# Work order
Quote word for word the lines below, beginning with the first and ending with the one that has "Vintage Lyon &". Drop the pictures.

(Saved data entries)

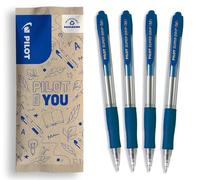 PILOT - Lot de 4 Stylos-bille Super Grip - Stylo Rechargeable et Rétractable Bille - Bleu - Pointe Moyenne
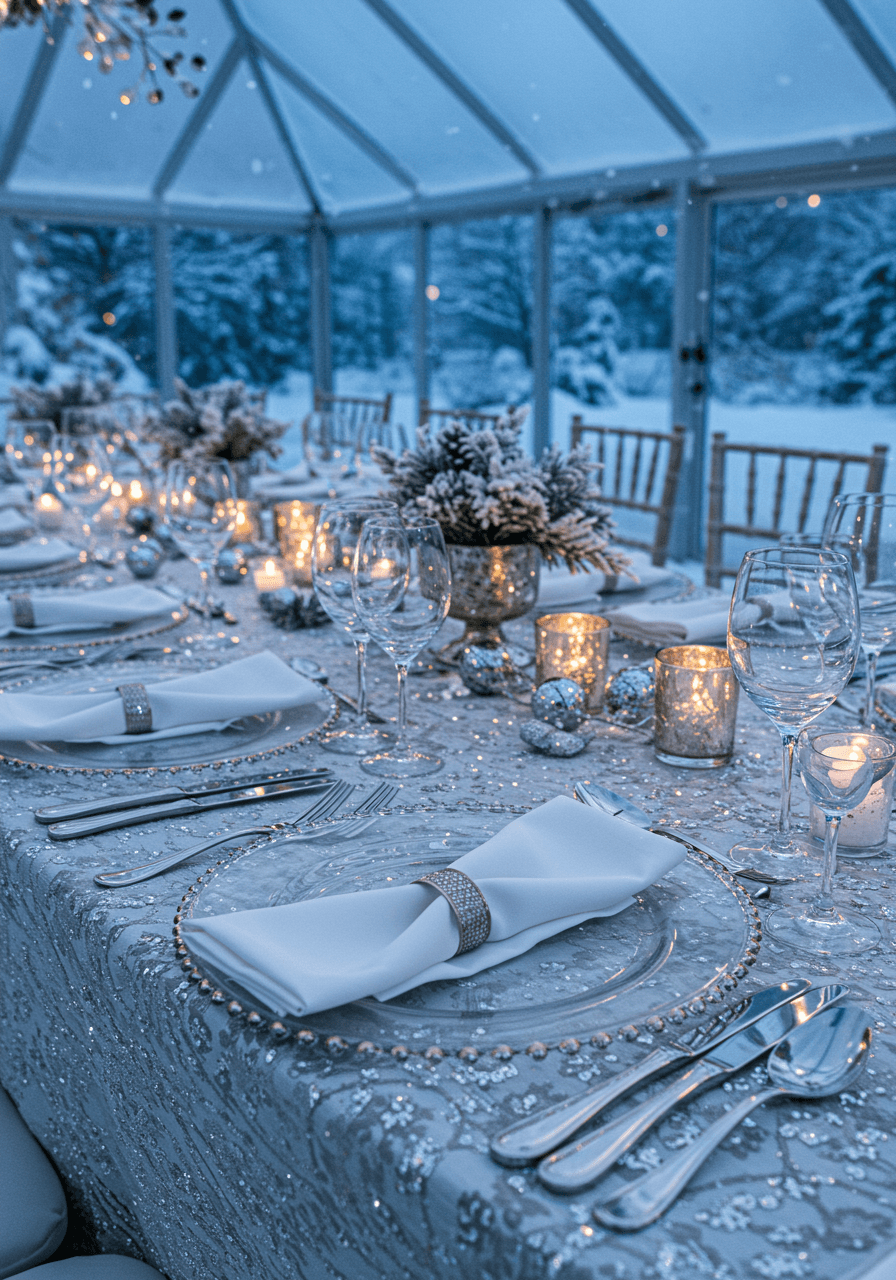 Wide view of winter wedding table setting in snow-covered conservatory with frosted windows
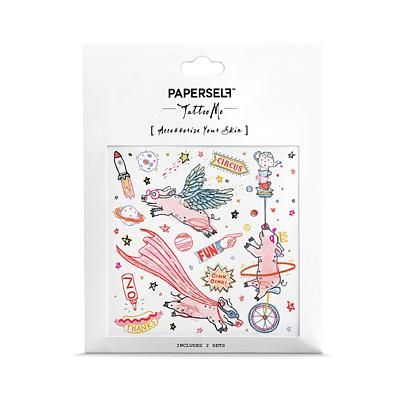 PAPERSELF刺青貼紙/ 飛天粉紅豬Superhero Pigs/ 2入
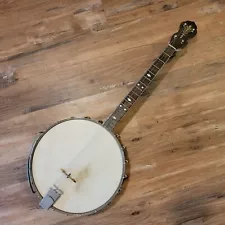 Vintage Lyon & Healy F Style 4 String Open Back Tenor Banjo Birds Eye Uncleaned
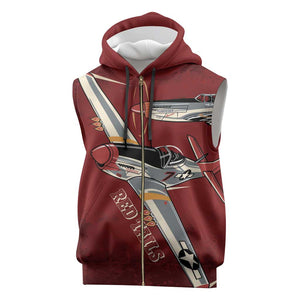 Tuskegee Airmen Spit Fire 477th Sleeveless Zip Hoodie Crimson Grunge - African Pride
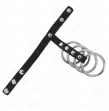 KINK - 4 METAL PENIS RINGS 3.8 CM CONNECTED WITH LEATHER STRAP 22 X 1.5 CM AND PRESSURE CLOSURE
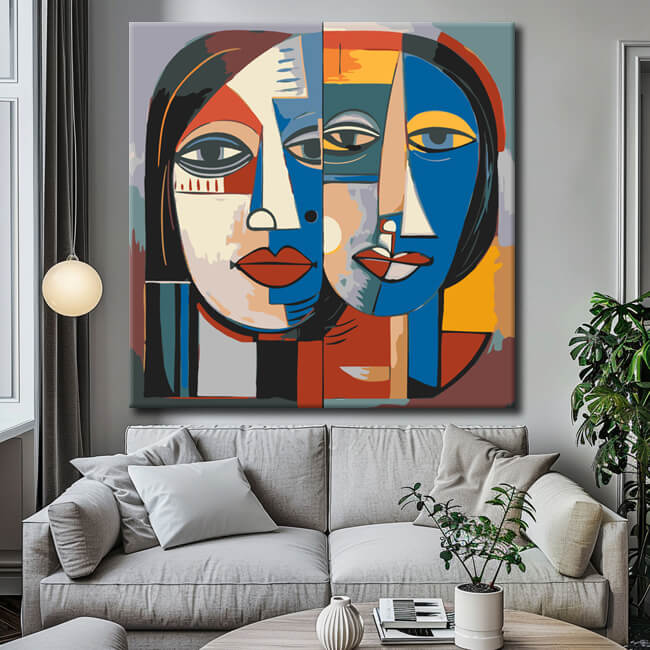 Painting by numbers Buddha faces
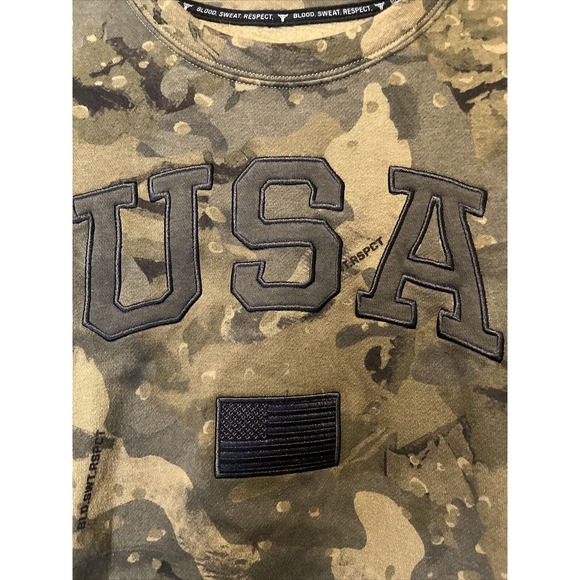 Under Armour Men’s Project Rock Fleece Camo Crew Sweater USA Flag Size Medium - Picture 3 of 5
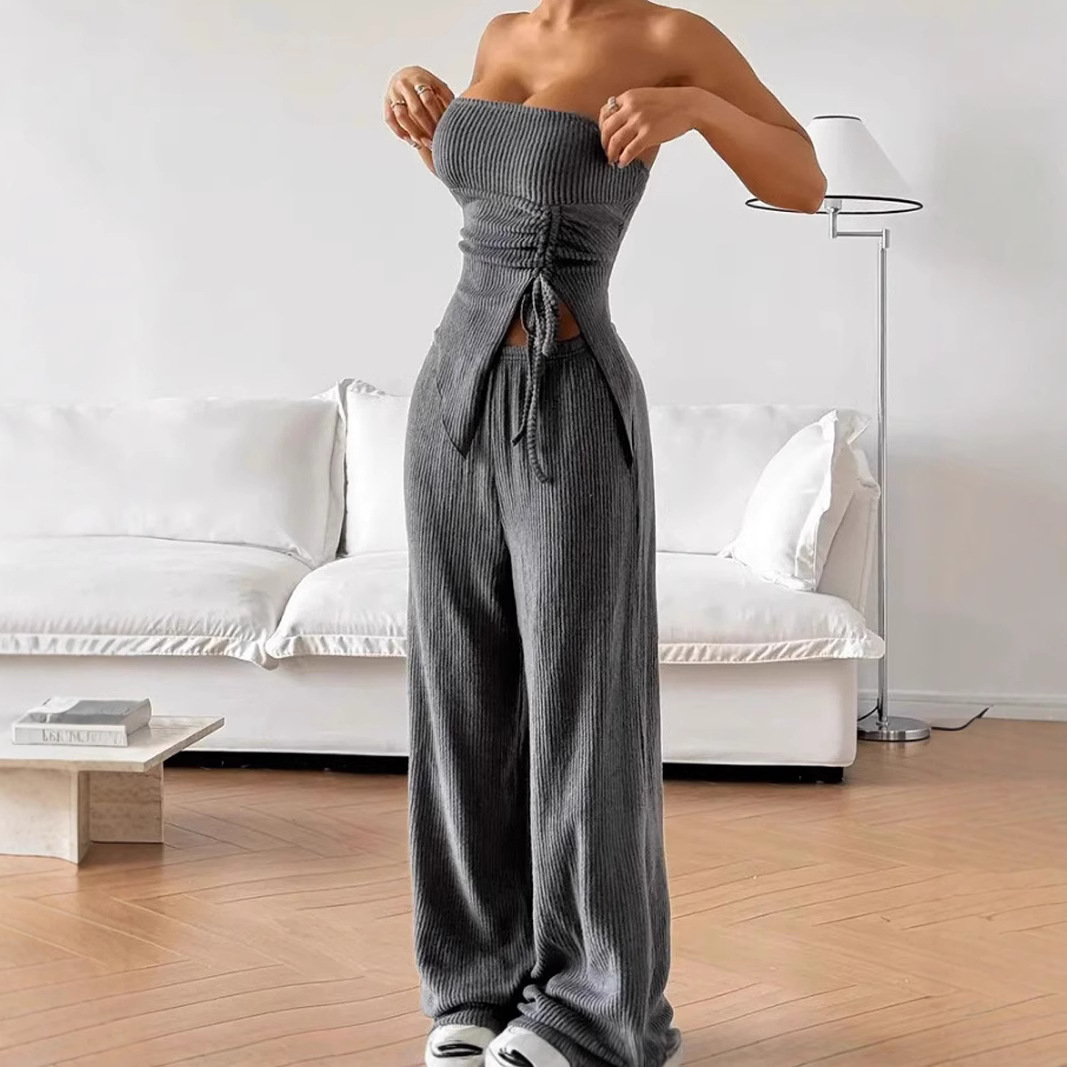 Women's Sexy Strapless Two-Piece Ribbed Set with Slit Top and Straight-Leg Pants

# Response below
 PILOT - Lot de 4 Stylos-bille Super Grip - Stylo Rechargeable et Rétractable Bille - Bleu - Pointe Moyenne
 Wide view of winter wedding table setting in snow-covered conservatory with frosted windows
 PAPERSELF刺青貼紙/ 飛天粉紅豬Superhero Pigs/ 2入
 Vintage Lyon & Healy F Style 4 String Open Back Tenor Banjo Birds Eye Uncleaned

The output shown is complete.